As nurses, we are taught the value of saving the lives of our patients, young and old.
I do not dispute that, but I am here to tell you that after hours of being on the floor in nursing school, saving lives is not all there is. Nurses have a unique view on life and death, one others often cannot and do not understand.
My first rule, and one I insist will be on my own epitaph, is: Just because something can be done, doesn't mean it should.
As a nurse, you are trained in assessment, diagnosis, evaluation and treatment. You focus on making your patients well, because that is what you are taught. But the reality is, even with the technological advances available to us in healthcare, we can't save everyone. And death does not discriminate for age, economic status or religious affiliation.
Handling the loss of a patient is as individual an experience as the death itself, and one that most nurses will face many times during their careers. That's why I believe nurses should be given the opportunity to learn about end-of-life care — a topic not traditionally covered in nursing school curricula — during their training.
If you start your career as a nurse understanding that death is part of life, that it can be as peaceful an experience as it is allowed to be, and that it is sometimes the right and most compassionate thing you can advocate for a patient, you will be a blessing to your patients at the end of their lives, and to their families.
End-of-life care, and not just of patients but often more so of their families, takes a special kind of nurse.
You can teach yourself to be one of those special nurses by seeking information about who your patients were before they became patients. What was their quality of life? What was most important to them? Will they ever be able to return to their activities or lives they lived before? If not, consider helping them transition from focusing on treating to cure, to being made comfortable and freed from aggressive medical interventions.

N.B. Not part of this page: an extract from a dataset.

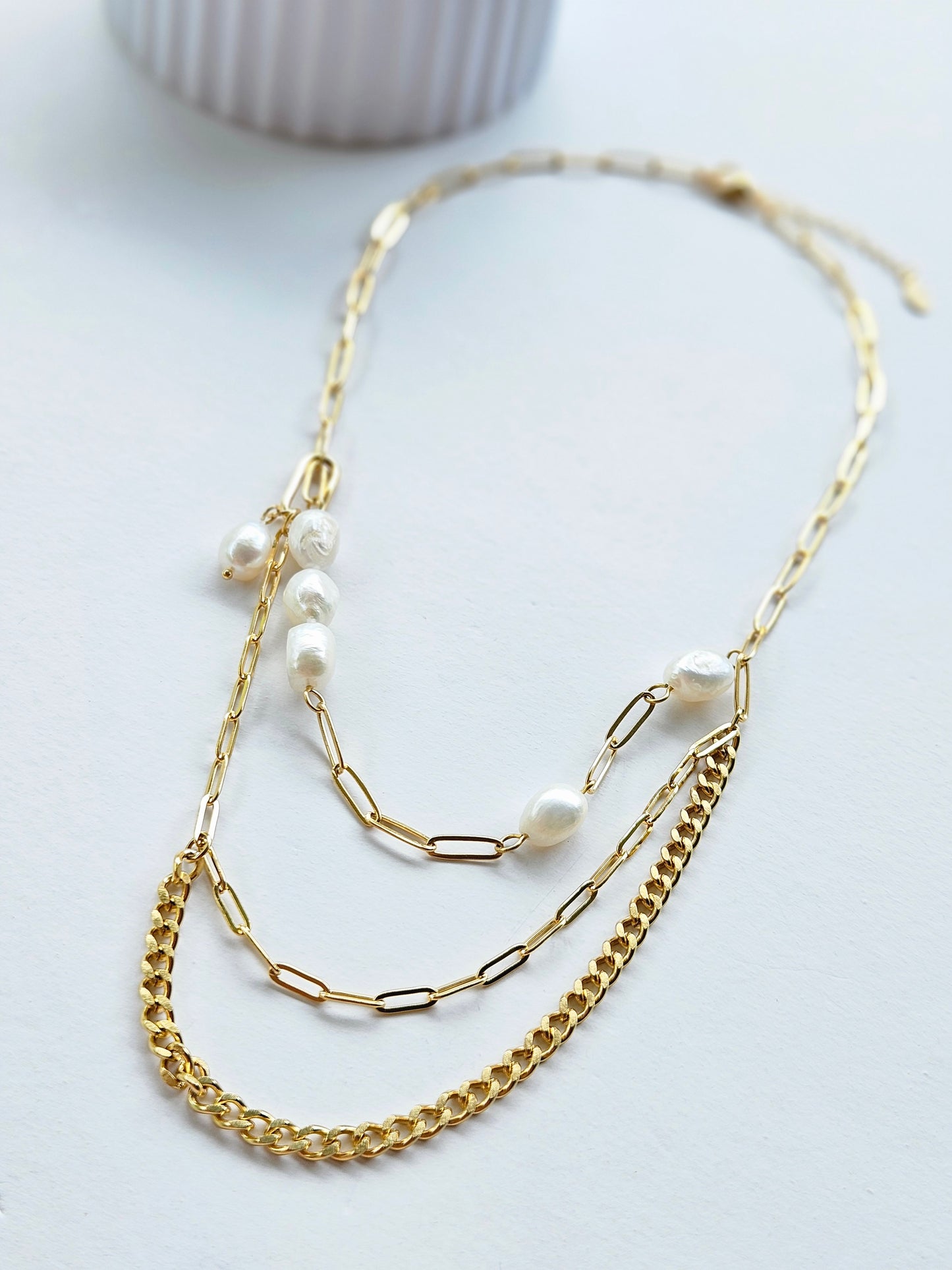 Layering oro con perlas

Nurses mourn the loss of their patients and deal with that loss in their own way.
I have seen many retreat to the break room and cry when necessary. The day we stop crying over the loss of a patient is the day we need to find another line of work. I also find comfort in being able to honor patients and their families after death. We facilitate their mourning, and make sure the family's needs are met before they leave the hospital after a loss.

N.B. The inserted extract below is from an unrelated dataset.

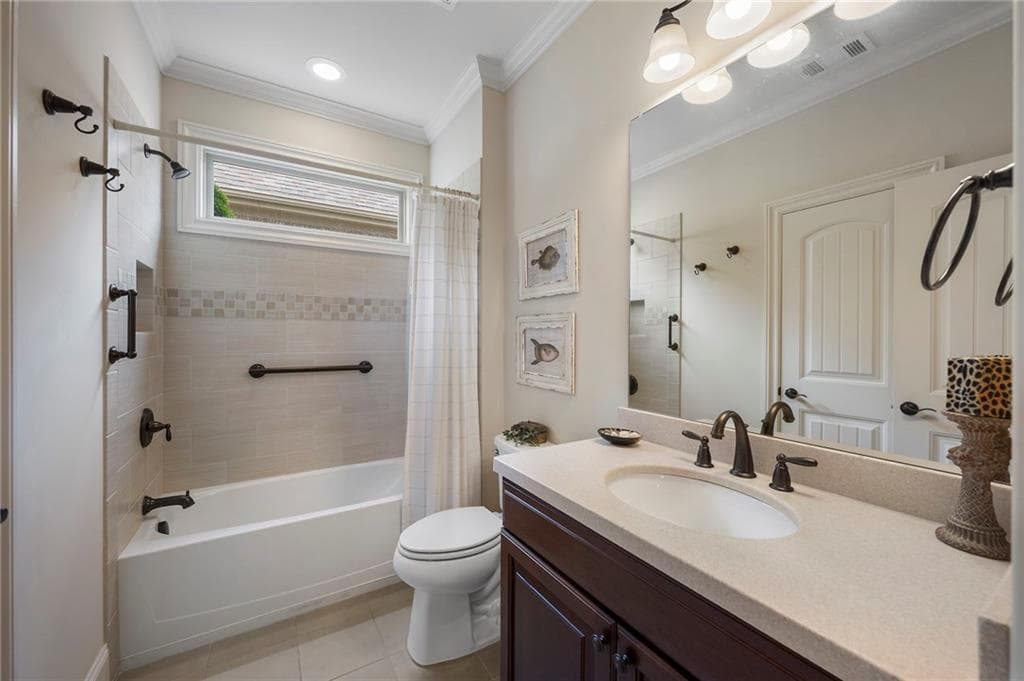 3 bedroom, 2 bathroom, 2,048 sq ft single family residence for sale at 119 Clover Way, Woodstock, GA 30188 — photo 7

I have lost count of the patients whom I have seen kept alive because they had not made their end-of-life wishes known or because family members disregarded those wishes, unable to accept the impending loss. We have an obligation as human beings, not just as nurses, to facilitate the honorable deaths of those patients whose chances for recovery have diminished to random miracle, or whose quality of life will never be the same.
It is a necessary transition, and wherever you believe your patients go after death, helping them get there peacefully is a true honor of the nursing profession.